For an anxious moment, the top of the dune looked out of reach. As I climbed the gentle slope in the Moroccan desert, twisting the 790 Adventure R’s throttle slightly wider in an attempt to gain speed, the KTM barely accelerated; its rear tyre instead spinning harder and kicking out an even bigger plume of soft, dry sand.
I’d attacked the dune too slowly, and tweaked the throttle too sharply; and I almost paid the price by burying the rear wheel, just as I had ten minutes earlier. But this time the tyre found just enough grip. With the help of a quick dab of left boot, I crested the rise, reached firmer sand and kept going, impressed yet again by the 790 Adventure R’s ability to cope with the conditions.

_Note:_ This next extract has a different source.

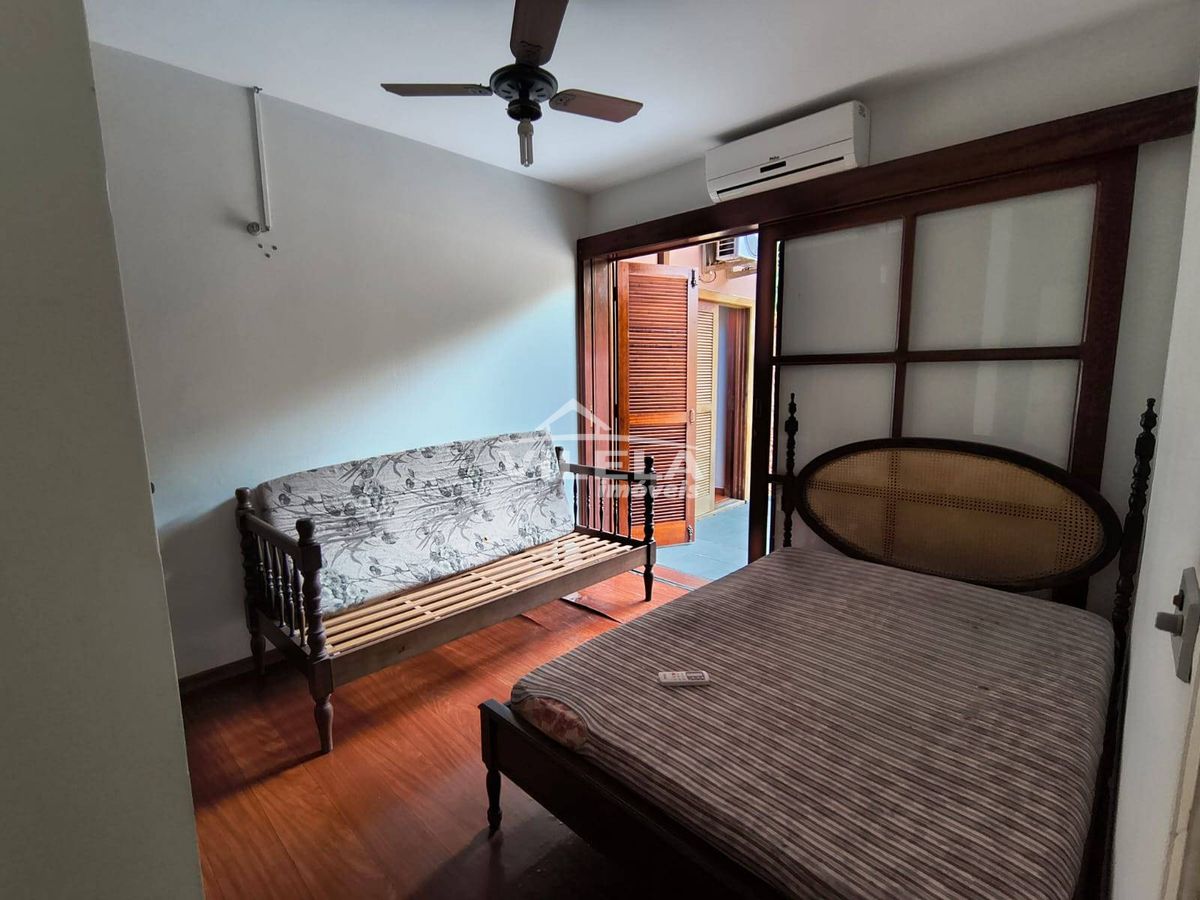 Casa de esquina-martin de sá-caraguatatuba-sp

This was my first ever experience of riding over – and occasionally into – sand dunes. Even adventure bike launches don’t normally include such extreme terrain. But this landscape was why KTM had come to Erfoud, in south-eastern Morocco near the border with Algeria, to launch the 790 Adventure and Adventure R. The Austrians aimed to show that their two new parallel twin middleweights are not like existing adventure bikes, and bring new possibilities to the class.

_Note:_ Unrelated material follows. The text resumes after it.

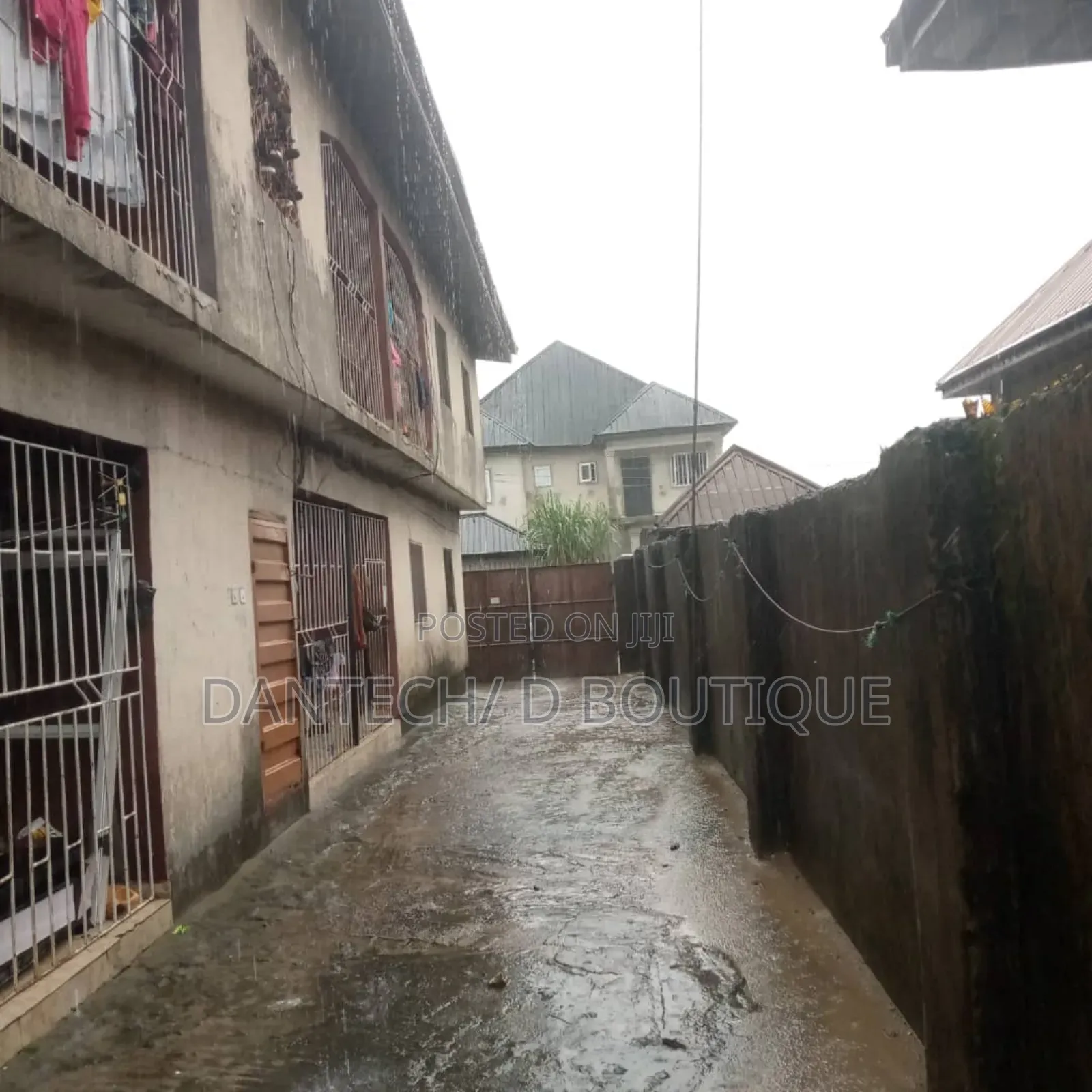 4bdrm Block of Flats in Warri for sale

What the new parallel twins are like in many respects is their 790 Duke sibling, whose basic layout of 799cc, dohc eight-valve engine in a tubular steel frame is shared. Obvious differences include the Adventure models’ fairing, screen, aluminium bash-plate and bigger radiator; a fuel tank that extends down either side of the engine to hold 20 litres; and long-travel suspension holding wire-spoked wheels, the front a dirt-friendly 21 inches in diameter.
Both Adventure models use an engine that is softened slightly from Duke spec with new camshafts and injection system. This increases torque slightly below 7500rpm, and reduces it from there to the 10,000rpm limit. Maximum power output drops by 10bhp to 94bhp at 8000rpm, while the torque peak is slightly higher at 89Nm, and is produced 1400rpm earlier, at 6600rpm.
The Adventures’ shared chrome-molybdenum frame (orange in the case of the R) holds a cast aluminium swing arm, which operates the diagonally mounted rear shock without a linkage. The two models’ key difference is their WP suspension. The standard bike has non-adjustable WP forks and a preload-adjustable shock, both with 200mm of travel, while the Adventure R gets more sophisticated, multi-adjustable units at both ends, each giving an extra 40mm of travel.